RECORDS FOR THIS TASK:
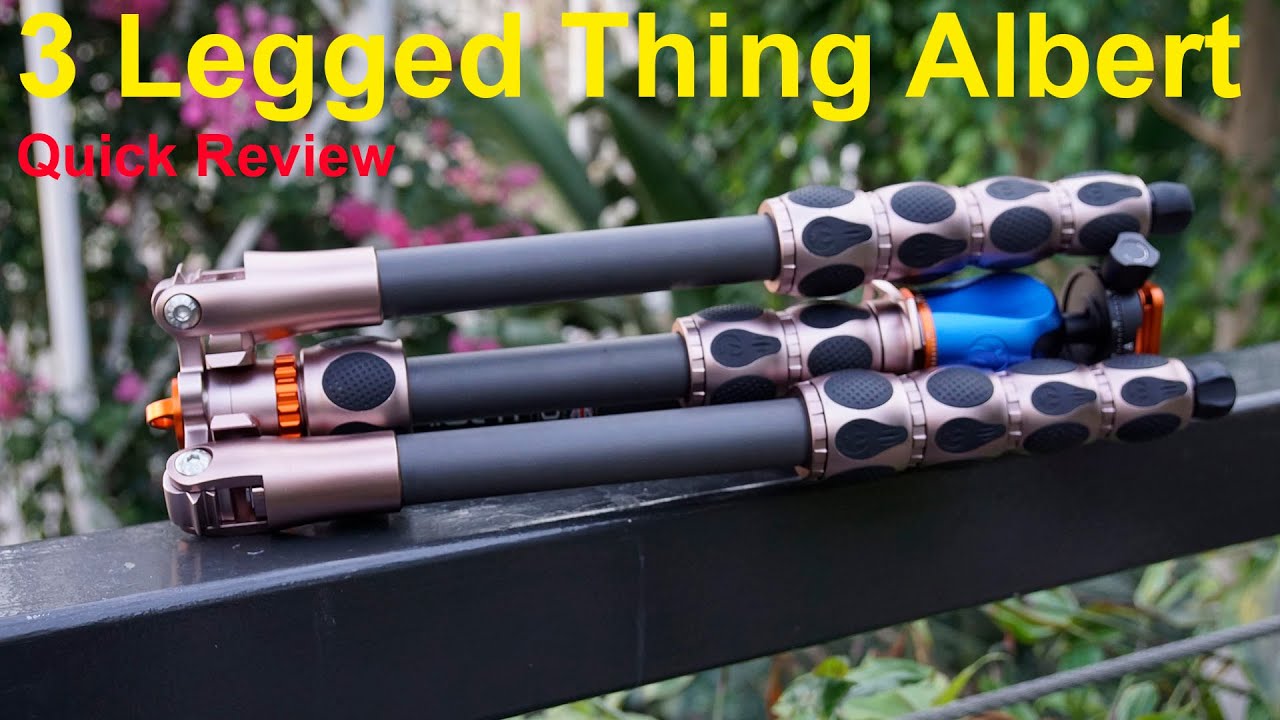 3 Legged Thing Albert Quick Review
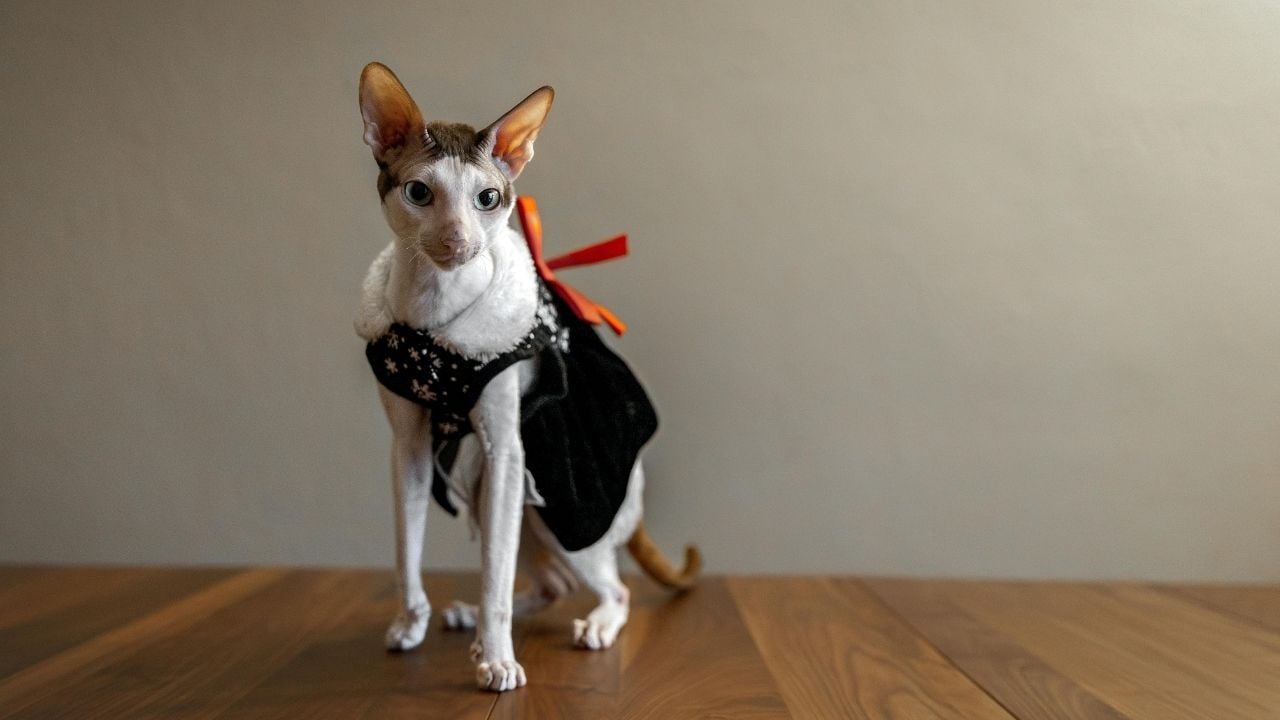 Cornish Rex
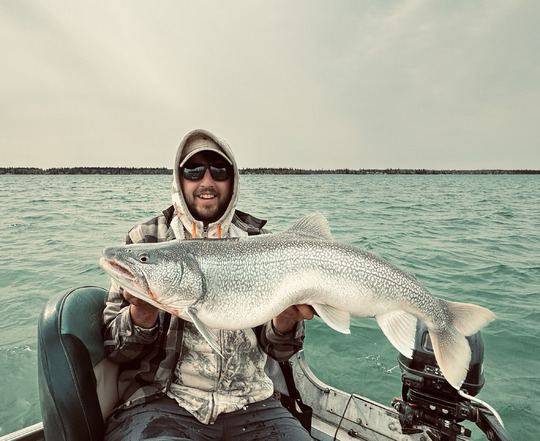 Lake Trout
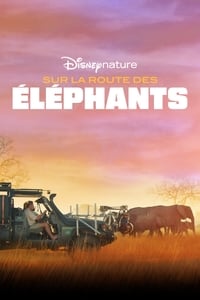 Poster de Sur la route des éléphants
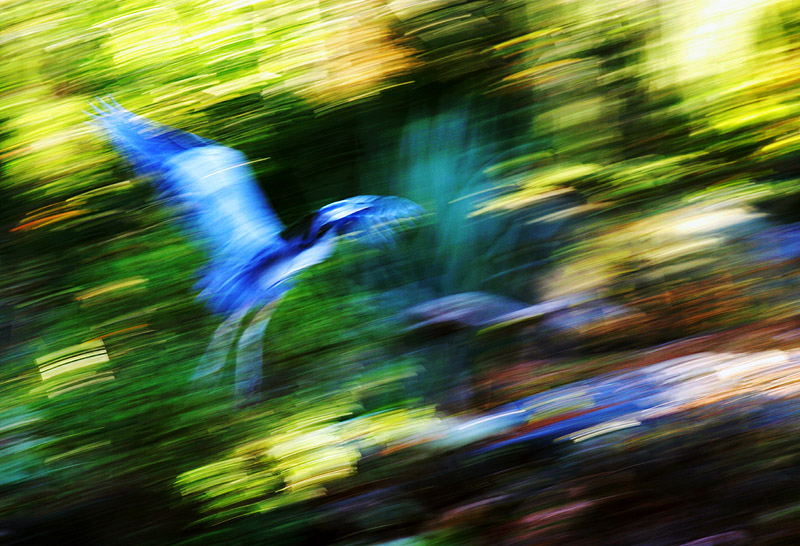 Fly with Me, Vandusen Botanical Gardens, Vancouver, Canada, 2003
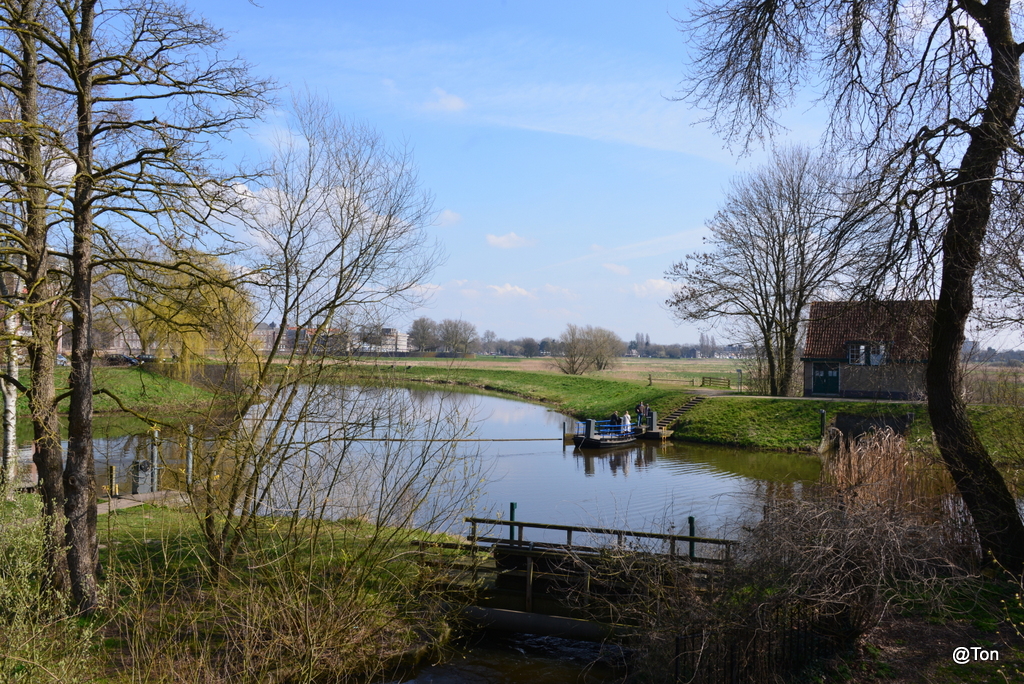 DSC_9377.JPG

ASSIGNED TASK: Restate the entries above word for word, keeping pictures out of the copy.

YOUR SOLUTION:
 3 Legged Thing Albert Quick Review
 Cornish Rex
 Lake Trout
 Poster de Sur la route des éléphants
 Fly with Me, Vandusen Botanical Gardens, Vancouver, Canada, 2003
 DSC_9377.JPG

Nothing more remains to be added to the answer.